### Problem description
"New 2026 Chrysler" appears in one line; retype that line and all lines following it through the end of the records, with nothing left out or added.

### Data for analysis
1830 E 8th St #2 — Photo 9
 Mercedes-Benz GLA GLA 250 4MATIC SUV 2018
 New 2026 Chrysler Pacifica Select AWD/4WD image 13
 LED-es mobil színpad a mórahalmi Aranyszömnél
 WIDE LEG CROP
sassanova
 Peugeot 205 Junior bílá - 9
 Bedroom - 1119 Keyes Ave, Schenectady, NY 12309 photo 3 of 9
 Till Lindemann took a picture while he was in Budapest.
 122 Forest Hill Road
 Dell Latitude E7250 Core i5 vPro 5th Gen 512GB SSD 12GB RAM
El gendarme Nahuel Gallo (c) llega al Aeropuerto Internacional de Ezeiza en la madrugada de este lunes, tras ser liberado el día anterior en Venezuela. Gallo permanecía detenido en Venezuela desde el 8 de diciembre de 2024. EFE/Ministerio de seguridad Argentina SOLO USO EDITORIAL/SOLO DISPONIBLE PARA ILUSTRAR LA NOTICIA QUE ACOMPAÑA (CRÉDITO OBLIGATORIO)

### Reply to the task
 New 2026 Chrysler Pacifica Select AWD/4WD image 13
 LED-es mobil színpad a mórahalmi Aranyszömnél
 WIDE LEG CROP
sassanova
 Peugeot 205 Junior bílá - 9
 Bedroom - 1119 Keyes Ave, Schenectady, NY 12309 photo 3 of 9
 Till Lindemann took a picture while he was in Budapest.
 122 Forest Hill Road
 Dell Latitude E7250 Core i5 vPro 5th Gen 512GB SSD 12GB RAM
El gendarme Nahuel Gallo (c) llega al Aeropuerto Internacional de Ezeiza en la madrugada de este lunes, tras ser liberado el día anterior en Venezuela. Gallo permanecía detenido en Venezuela desde el 8 de diciembre de 2024. EFE/Ministerio de seguridad Argentina SOLO USO EDITORIAL/SOLO DISPONIBLE PARA ILUSTRAR LA NOTICIA QUE ACOMPAÑA (CRÉDITO OBLIGATORIO)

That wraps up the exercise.